Kady's on assignment for a couple of days, so it falls to me to hold down the fort for all you process-and-procedure watchers out there.
This week's Hill Times has a useful summary of what prorogation means for the attempt to compel the government to produce unredacted documents about the handling of Afghan detainees by the Canadian Forces. It's written by former House of Commons procedural clerk B.Thomas Hall, and it's behind a subscription wall online (boo!), but you may want to pay for it or pick up a print copy if you're interested in this topic.
Kady's touched on some of this before, but to review the highlights:
- House Standing Order 49 provides that "prorogation of the House shall not have the effect of nullifying an Order or Address of the House for returns of papers." In other words, the government's still on the hook to produce them.
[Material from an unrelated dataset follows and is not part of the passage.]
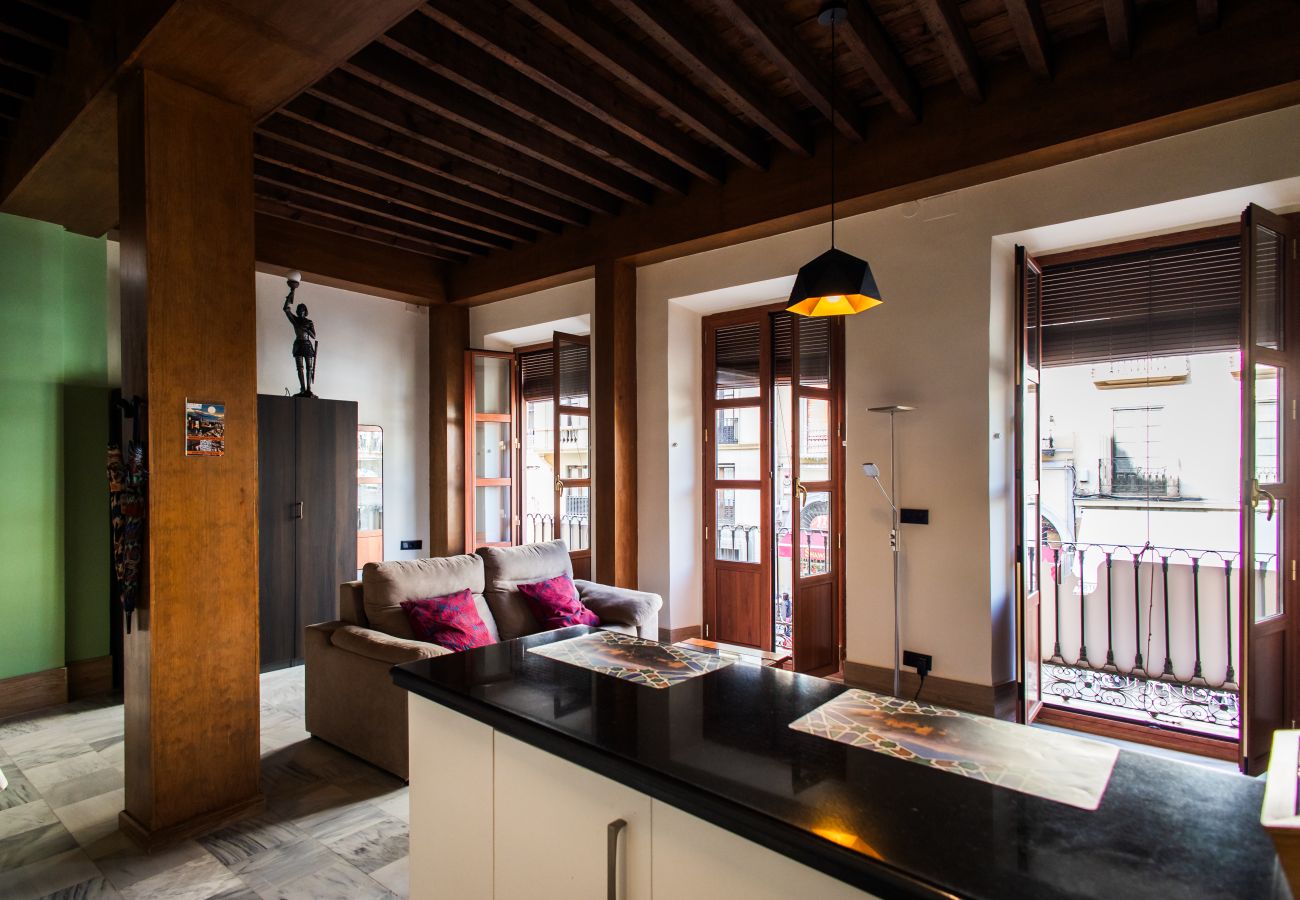 Studio in Granada - J - Estudio Plaza Nueva B1D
- Hall sides with House of Commons Law Clerk Rob Walsh's interpretation (Walsh's legal opinion as well as the Justice Department's response, and Walsh's counter-response to this response, are all part of our Afghan detainee document archive) that the power of a Parliamentary body to order the production of any papers it deems appropriate is a "constitutionally protected privilege, which trumps any ordinary statute that the government lawyers have referenced or could reference."
- Hall does not see this as a matter for the courts to settle -- at least, not yet. He thinks this debate needs to stay in Parliament's court as a debate between MPs and Ministers: "If public servants wish to continue to claim that they are not responsible to Parliament and that only ministers are, then they must stop making the government's arguments against the opposition in place of their ministers."
- In Hall's opinion, since the minister with custody of the documents did not produce them in time, he is "open to any MP to raise a question of privilege charging the responsible minister with contempt of the House as soon as the next session begins." Hall explores what Parliament's options are as far as punishment of said minister, and concludes by suggesting that should the minister challenge this punishment, "this parliamentary question could become a legal one."